◆ **AIM OF THE EXERCISE**
Your answer is the line containing "Body Talk album cover" plus every line after it through the end of the records, printed exactly and free of pictures.

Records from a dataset
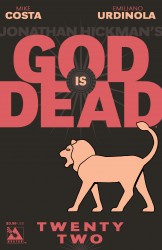 God is Dead #22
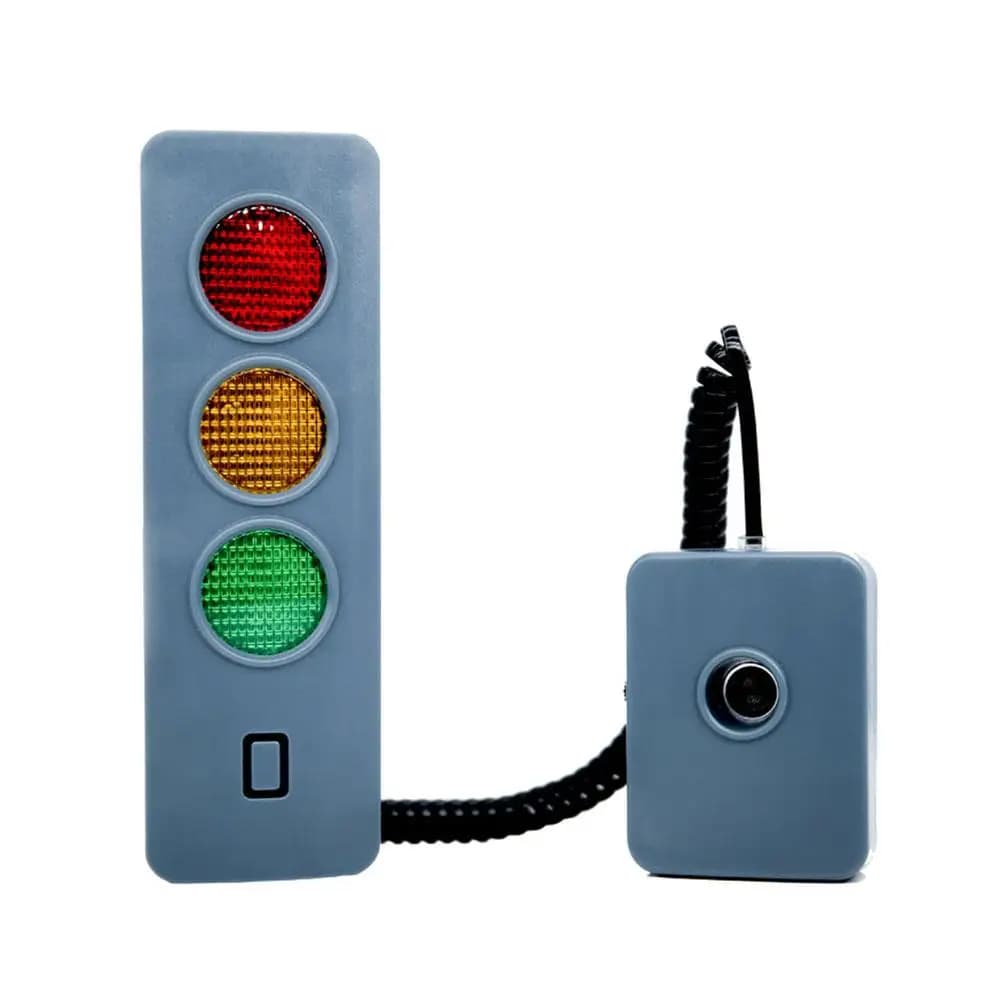 Feux de sécurité LED pour Garage, alarmes de circulation, système d'assistance au stationnement auto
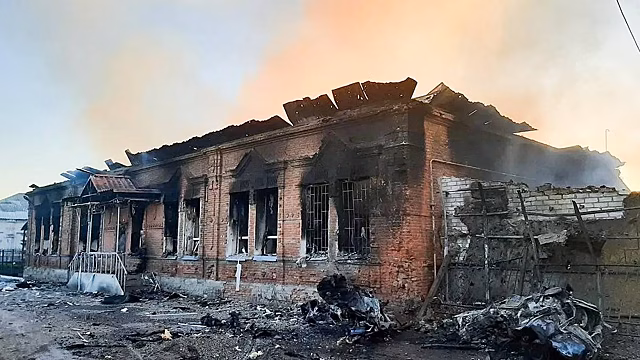 В США заявили о фиаско Украины в Старобельске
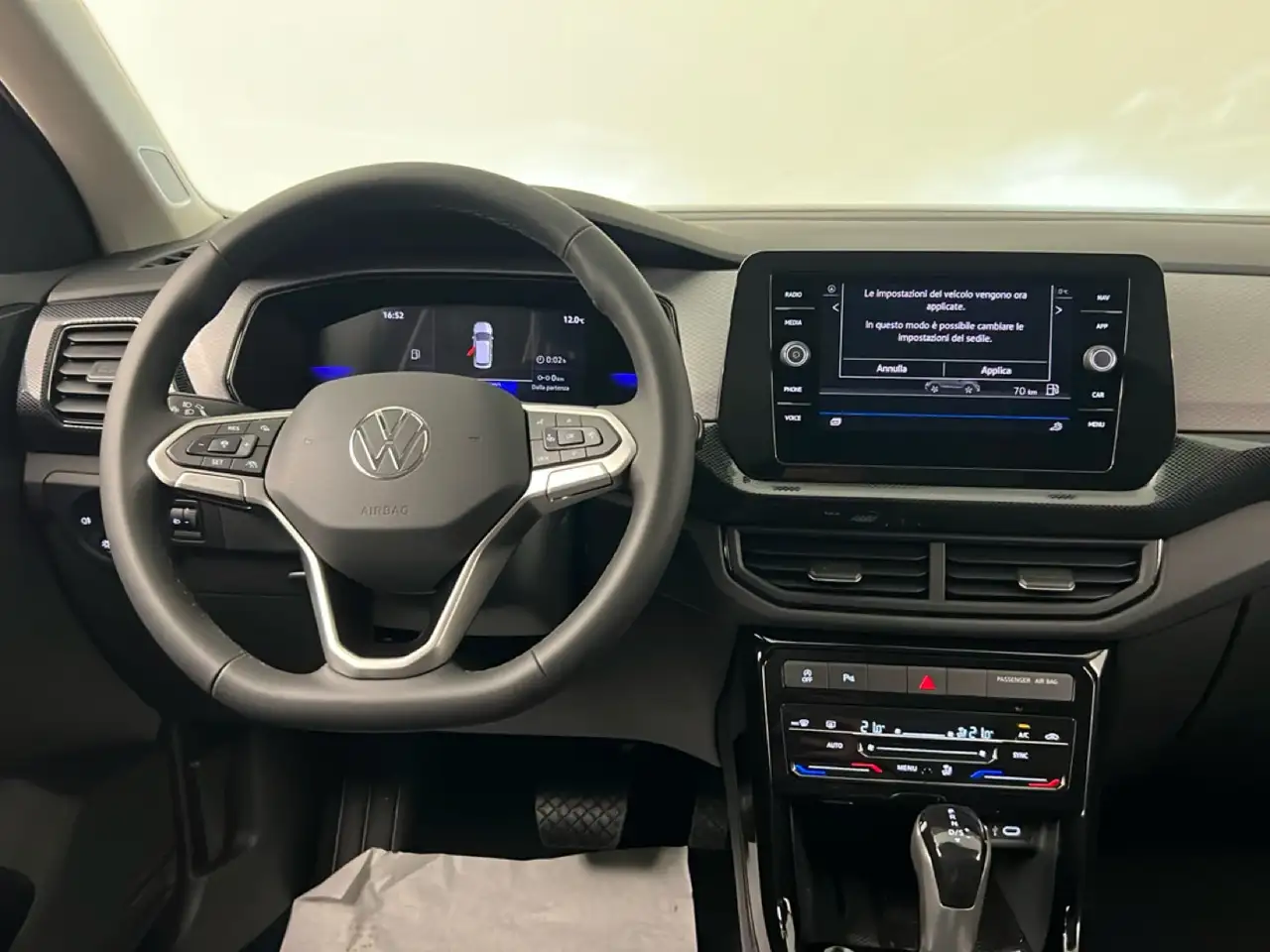 Volkswagen T-Cross T-Cross 1.0 TSI 115 CV DSG Edition Plus 13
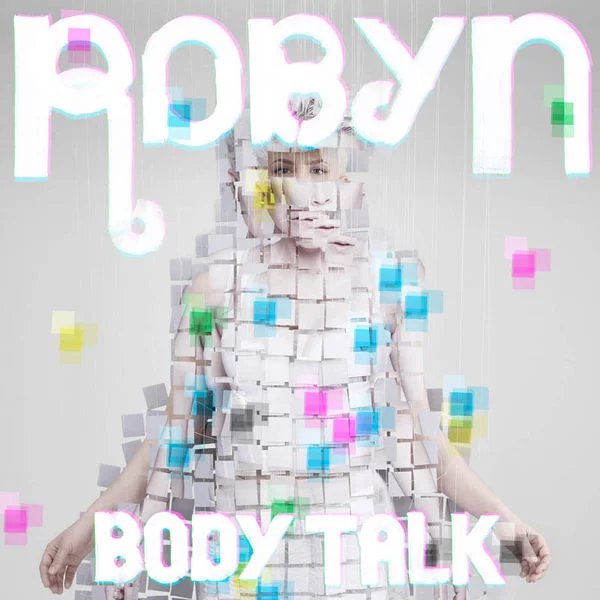 Body Talk album cover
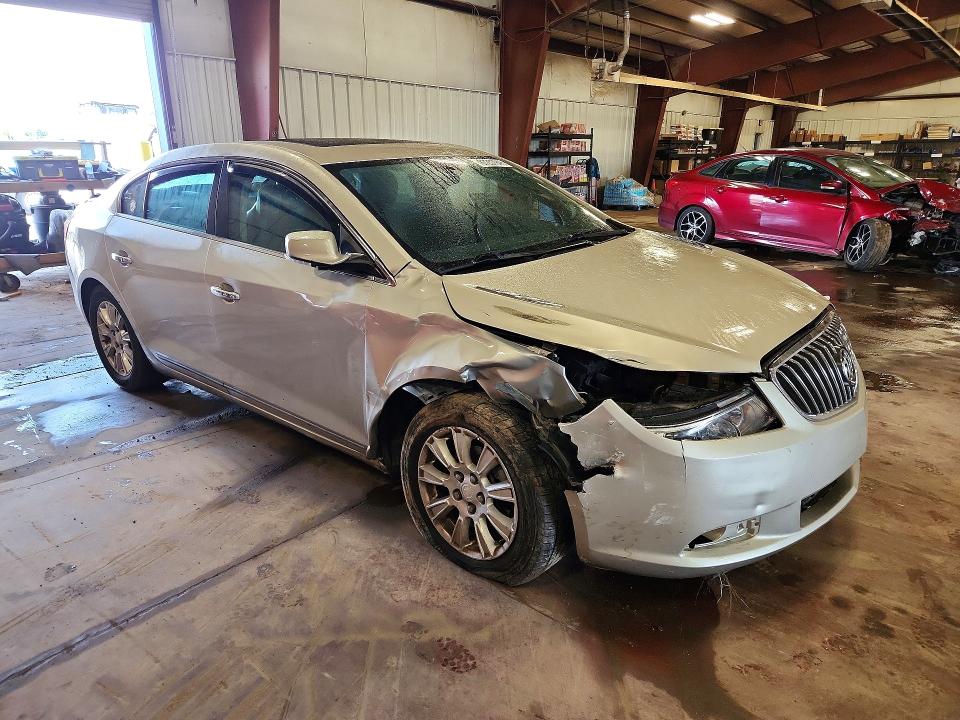 Aukcja sprzedaży 2013 Buick Lacrosse, vin: 1G4GC5ER6DF287188, numer aukcji: 67257946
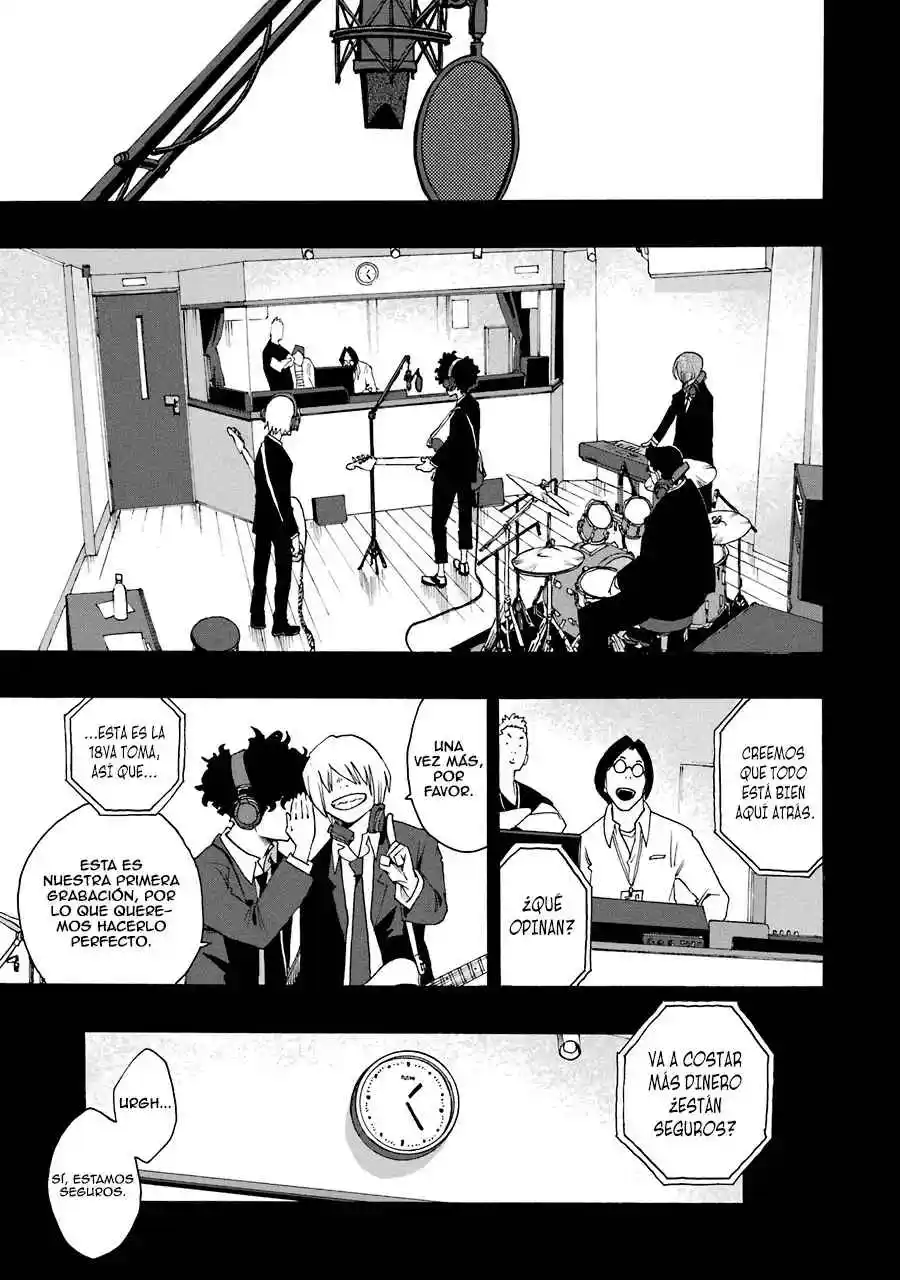Shiori Experience: Jimi Na Watashi To Hen Na Oji-san - Capítulo 54 - Página 40 - LectorTMOo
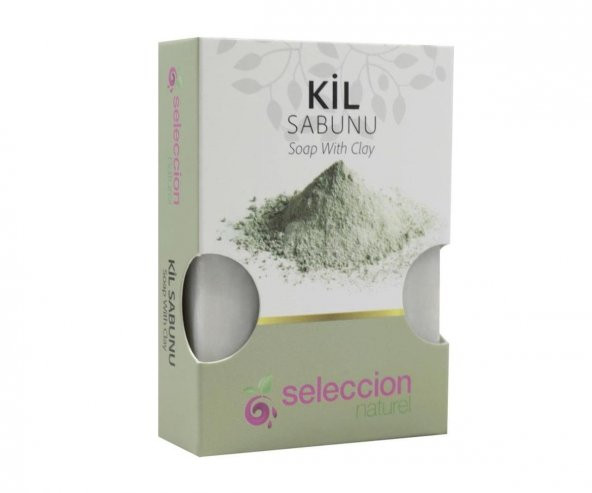 Seleccion Naturel Kil Sabunu 100 Gr ürün görseli 1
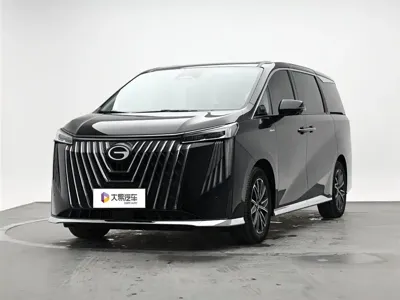GAC Motor Trumpchi M8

◆ **ANSWER SECTION**
 Body Talk album cover
 Aukcja sprzedaży 2013 Buick Lacrosse, vin: 1G4GC5ER6DF287188, numer aukcji: 67257946
Shiori Experience: Jimi Na Watashi To Hen Na Oji-san - Capítulo 54 - Página 40 - LectorTMOo
 Seleccion Naturel Kil Sabunu 100 Gr ürün görseli 1
GAC Motor Trumpchi M8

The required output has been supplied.